ナチス・ドイツは美術史においても悪名高き存在で,ゲルマン民族の優秀性を写実的な描写で称えた保守的な作品以外は「退廃美術」として排斥したことで知られています。印象派の絵画などは,粗雑な筆さばきと浅薄な色彩で都市やリゾート地の風景風俗を描いた軽佻浮薄な絵として価値を認めていないのですが,そうした表向きの評価とは裏腹に,ナチスの高官はパリで競って印象派の絵を購入しています。大戦の混乱によって生じた金融不安や通貨不信から,印象派絵画の国際通貨としての信頼性が急速に高まっていたからです。
このナチス高官の買い占めにより,印象派絵画はドイツ支配下のパリにおいて記録的な高騰を見せることになりますが,これは第二次世界大戦中のことですから,作者のモネやルノワールは20年ほど前に世を去ってしまっています。

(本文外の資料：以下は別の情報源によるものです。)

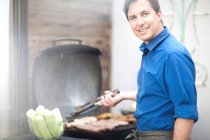 Mature man barbecuing sausages — Stock Photo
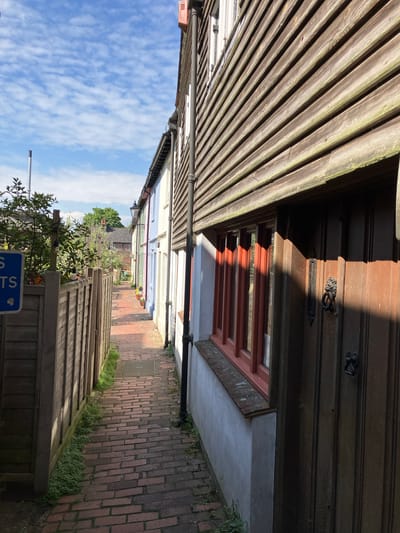 The image presents a narrow alleyway in Lewes, United Kingdom, paved with red bricks. Wooden fences and building façades border the path on either side. The buildings exhibit various colors, including white, blue, and pink. At the end of the alley is green foliage. The sky above is blue with scattered white clouds. A wooden structure looms on the left, with horizontal planks. A wooden door is to the right, adorned with metal fittings and a window below. A black pipe runs along the wall. A blue sign is visible near the bottom of the image.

それでもまだ,モネやルノワールは画家としては幸運で,長寿をまっとうしたこともあり作品の高騰の見返りを得ることができています。対照的にセザンヌ,ロートレック,ゴッホ,ゴーギャンら「後期印象派」と呼ばれる画家は,短命や世間の評価の遅れが災いして,自身の作品の値上がりの恩恵に浴してはいません。